Les chamans thaïlandais de l'ouest de Nghe An escortent les âmes des morts et les buffles jusqu'au mont Pu Quai, à Muong Ton (district de Que Phong, province de Nghe An actuelle). Les paroles du chaman décrivant la scène du mont Pu Quai incluent : « Arrivé ici, levant les yeux vers le ciel, je vois des nuages sombres tourbillonner / Sous le ciel, cet endroit s'appelle Pu Quai / La route vers Muong Then est encore bien loin ! » À ce moment-là, le chaman n'osa plus accompagner les fantômes, mais décrivit la scène pour les informer du voyage qu'ils devaient entreprendre pour atteindre Muong Then. À ce moment-là, seule l'âme du défunt subsistait, guidant l'âme du buffle.

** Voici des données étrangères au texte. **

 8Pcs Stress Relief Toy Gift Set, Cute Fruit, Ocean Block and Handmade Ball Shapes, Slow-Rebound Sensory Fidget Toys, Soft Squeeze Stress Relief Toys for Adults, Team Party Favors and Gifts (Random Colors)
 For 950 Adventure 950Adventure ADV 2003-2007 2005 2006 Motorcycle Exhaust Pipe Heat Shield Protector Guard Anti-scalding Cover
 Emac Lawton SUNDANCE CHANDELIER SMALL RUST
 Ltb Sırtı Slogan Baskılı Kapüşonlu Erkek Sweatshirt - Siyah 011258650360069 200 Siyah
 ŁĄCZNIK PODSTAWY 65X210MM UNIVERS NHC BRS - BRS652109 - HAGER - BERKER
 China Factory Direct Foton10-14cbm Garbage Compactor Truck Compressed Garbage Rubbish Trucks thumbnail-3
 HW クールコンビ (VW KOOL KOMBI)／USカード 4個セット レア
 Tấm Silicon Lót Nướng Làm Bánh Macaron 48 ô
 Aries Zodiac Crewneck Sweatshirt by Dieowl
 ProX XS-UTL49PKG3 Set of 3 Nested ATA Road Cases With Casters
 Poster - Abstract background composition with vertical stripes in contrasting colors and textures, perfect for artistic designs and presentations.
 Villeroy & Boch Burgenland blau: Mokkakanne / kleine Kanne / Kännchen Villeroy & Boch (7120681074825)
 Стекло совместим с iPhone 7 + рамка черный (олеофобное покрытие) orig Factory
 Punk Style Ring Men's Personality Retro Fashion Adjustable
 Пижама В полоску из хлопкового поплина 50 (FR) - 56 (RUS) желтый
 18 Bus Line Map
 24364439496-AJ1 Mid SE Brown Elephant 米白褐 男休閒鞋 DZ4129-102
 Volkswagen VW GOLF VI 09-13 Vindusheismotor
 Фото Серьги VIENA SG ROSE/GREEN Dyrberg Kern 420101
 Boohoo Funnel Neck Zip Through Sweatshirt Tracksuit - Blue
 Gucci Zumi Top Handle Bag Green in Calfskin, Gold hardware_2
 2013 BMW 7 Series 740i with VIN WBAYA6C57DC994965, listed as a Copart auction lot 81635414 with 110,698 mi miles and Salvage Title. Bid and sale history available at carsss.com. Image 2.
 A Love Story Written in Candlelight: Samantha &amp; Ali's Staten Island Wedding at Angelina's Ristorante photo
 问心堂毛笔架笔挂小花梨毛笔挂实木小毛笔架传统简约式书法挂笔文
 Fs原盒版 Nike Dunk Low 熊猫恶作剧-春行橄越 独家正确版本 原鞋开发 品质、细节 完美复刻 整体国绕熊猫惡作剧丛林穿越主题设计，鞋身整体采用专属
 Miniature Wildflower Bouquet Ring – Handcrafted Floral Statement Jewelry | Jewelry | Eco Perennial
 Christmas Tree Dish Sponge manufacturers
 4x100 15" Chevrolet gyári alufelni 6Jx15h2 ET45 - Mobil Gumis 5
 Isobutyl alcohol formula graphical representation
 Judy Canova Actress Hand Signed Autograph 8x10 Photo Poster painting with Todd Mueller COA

Lors des funérailles, presque tous les Thaïlandais, riches ou pauvres, cherchent toujours un buffle à offrir au défunt. Même sans le sou, ils doivent emprunter ou s'endetter pour en obtenir un. Ce n'est que lorsqu'ils n'ont d'autre choix que de le faire qu'ils le regrettent et éprouvent des remords pour le restant de leurs jours. Ainsi, l'abattage d'un buffle lors des funérailles, selon les coutumes thaïlandaises, était autrefois considéré comme superstitieux, hérétique et inutile, car on pensait que l'abattage servait uniquement à servir à manger et à boire. De plus, en raison d'une méconnaissance des coutumes profondément spirituelles de la communauté thaïlandaise, des critiques ont été formulées, comme mentionné au début de cet article.